Undoubtedly, the most critical issue arising from our separation from God, Nature, and each other lies in the business world. Because we have lost touch with our immortal Ground of Being, we have created substitute immortality symbols to give us a sense of security and identity in life.
Traditionally, these immortality symbols have been religious in character, in particular, the belief in the West in everlasting life after death and in the East in reincarnation. But today, the principal immortality symbol in the world is money, as evidenced by the tower blocks that financial institutions build, having a similar function to the cathedrals in medieval cities in Europe.
Despite the deep existential fears surrounding the concept of money, many organizations and individuals are attempting to create a more life-enhancing and ecologically sustainable way of managing our business affairs. This page lists a few of these pioneers in the categories Business & economic, Funding agencies, and Monetary reformers.
Those sites more closely related to the Paragonian Foundation, Paragonian Fellowship, University, and Publications are listed in the relevant sections.
Business & economic
Given the severe psychological and ecological damage that is being caused by the fearful obsession for money, many organizations are seeking a more human-oriented approach to running our business affairs. Here is a short selection of them.
The Christian Council for Monetary Justice is an open forum rather than an elaborate organisation, although it maintains a rudimentary structure, network, and annual meeting. It seeks to enable people far and wide to stimulate a more general awareness of the pertinence of faith to the economic order; and in particular to the urgent need to generate monetary reform.
The fate of most people in times gone by was grim unjust poverty for which charity was often the only, and usually totally inadequate, remedy. Sadly this is still the situation today for millions of people.

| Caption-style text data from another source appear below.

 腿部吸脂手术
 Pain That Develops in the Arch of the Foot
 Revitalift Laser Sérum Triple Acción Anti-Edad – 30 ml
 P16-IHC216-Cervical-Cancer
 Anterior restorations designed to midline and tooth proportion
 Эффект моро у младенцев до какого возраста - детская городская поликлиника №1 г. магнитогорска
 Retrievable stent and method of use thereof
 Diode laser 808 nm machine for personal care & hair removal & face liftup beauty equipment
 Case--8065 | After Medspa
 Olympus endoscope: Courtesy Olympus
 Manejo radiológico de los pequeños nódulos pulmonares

However, there is a vast difference between times past and today. Today we have the technological capacity to eliminate it. Thus any failure to eliminate poverty can be seen as a failure to serve God and the essence of morality, incumbent on us all, is a duty to work for inclusive structural justice for all. In the present world of conflict, such justice can be seen as the only concept capable of uniting people of faith, and of good faith, in an impelling cause—transcending cultural and political boundaries—for the betterment of humankind. To this end the CCMJ and its members are in dialogue with our Muslim brothers and sisters.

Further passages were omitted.